Respect is the entire point, the nexus of name-passion.
Feminists want acclaim for their own accomplishments, not as extensions of someone else. They'll get it no matter the last name if we insist upon courtesy and respect for every individual in every circumstance. Titles are one small and perhaps superficial means to remind all present to recognize and honor others. The secondary results might be less inclination to vandalize others' property, cut in when in traffic, and dull sensitivity to politeness with public swearing.
As one of those earlier-wave feminists, I thought it dumb that tradition saw wives as
husband-extensions--and then I fell in love with someone I was proud to extend. More precisely, I was honored that this particular man wanted me to share his future, and delighted we could create our own family united under a single moniker. Suddenly it didn't bother me anymore that I would "lose" my name, because in marrying, I was entering a new phase, as a partner in a new enterprise, the adventure combining my husband and me.

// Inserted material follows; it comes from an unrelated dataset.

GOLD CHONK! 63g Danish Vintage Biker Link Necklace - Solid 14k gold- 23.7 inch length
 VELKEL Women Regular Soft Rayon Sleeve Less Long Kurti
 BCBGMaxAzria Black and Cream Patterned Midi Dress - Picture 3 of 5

This is the key to what I believe is the value of marriage, and a couple sharing a single last name simply symbolizes it: the whole of the two individuals creates something that is different from, and better than, what each person can be alone.
Each individual deserves respect. But so does the entity of a family, the commitment of two people to each other. If that universal respect was restored, perhaps more people would guard and protect their marriages. And if problems arose, they might work to overcome them, rather than divorce, hurting so many others, and destroying the history and combination they've built.